M J Antony: The judicial tipping point
SC quashes a rule that encroaches on the power of the judiciary

Politicians and bureaucrats cry foul when the judiciary crosses constitutional borders in pursuit of the corrupt and dishonest among them. But when Parliament and the executive nibble at the powers of the judiciary, the latter has to suffer in silence or defend itself alone.
The 1970s saw the most formidable siege and assault on the judiciary by Parliament, which passed a series of constitutional amendments to dilute judicial powers. The judiciary came out unscathed, thanks more to luck than pluck. The intrusion of the executive into judicial territory is more subtle. It burrows into this domain. Bureaucrats create quasi-judicial posts for themselves and even elbow out those with a judicial background.

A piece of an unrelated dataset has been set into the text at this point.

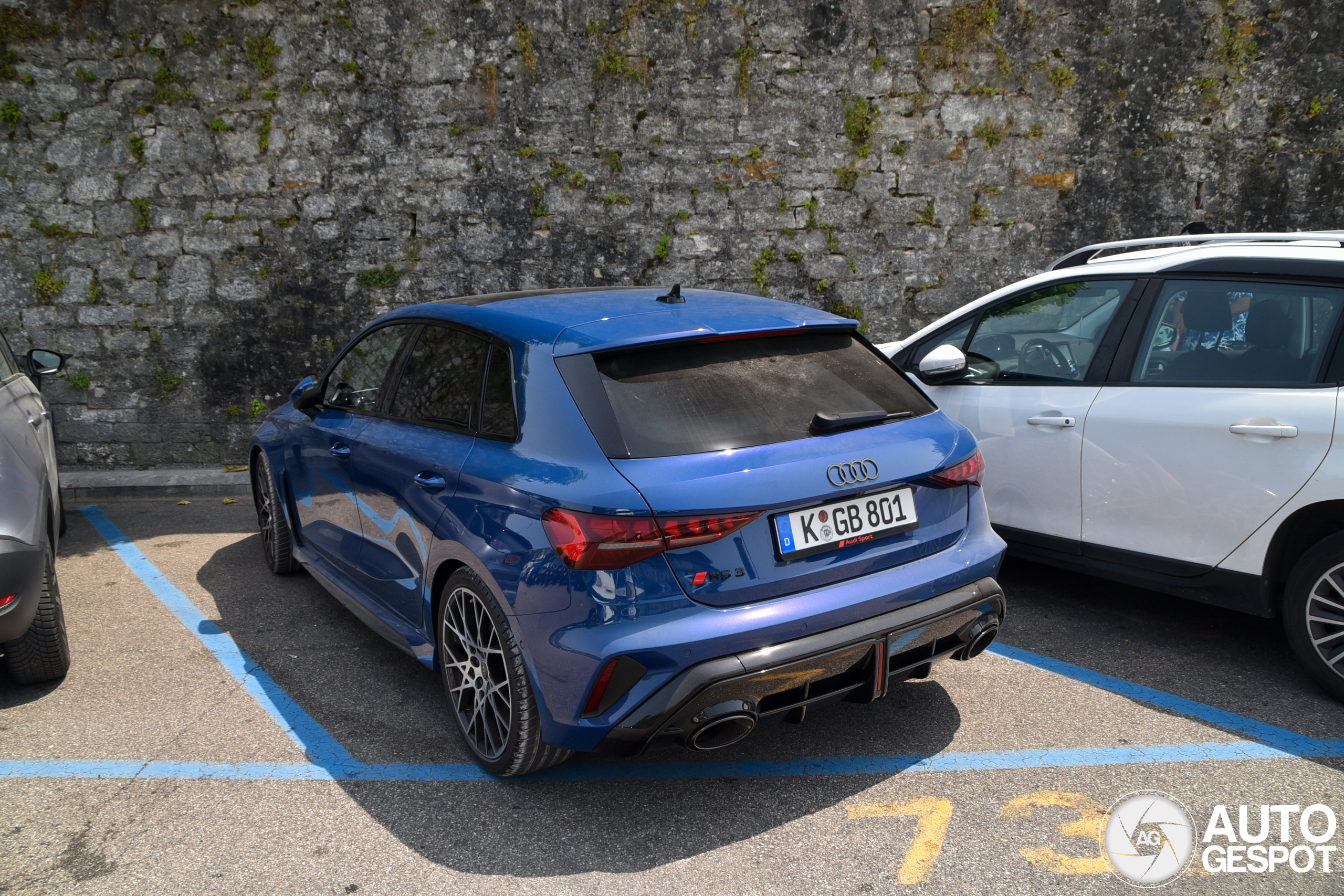 Audi RS3 Sportback 8Y 2025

Two such instances unfolded in the Supreme Court in recent weeks. In one case, Amrik Singh vs Union of India, the Supreme Court asserted the role of the courts in adjudicating disputes. The issue involved was the constitutional validity of Section 347D of Delhi Municipal Corporation Act, 1957. There are similar provisions in the New Delhi Municipal Council Act, 1994. According to this rule, a citizen can appeal against the orders of the zonal engineer to a tribunal presided over by an additional sessions judge. However, if he is still dissatisfied with the judge’s decision, the next appeal lies to the Administrator of the national capital territory — the Lt Governor. This, said the petitioner, was a violation of the doctrines of the judicial review and independence of the judiciary enshrined in the Constitution.
It is obvious that the proceedings before the appellate tribunal are judicial in nature. It is presided over by a judge. According to several procedural laws, the tribunal is treated as a civil court. But the Delhi law gave primacy to the Administrator, as appeals against the decision of the judge must go to him.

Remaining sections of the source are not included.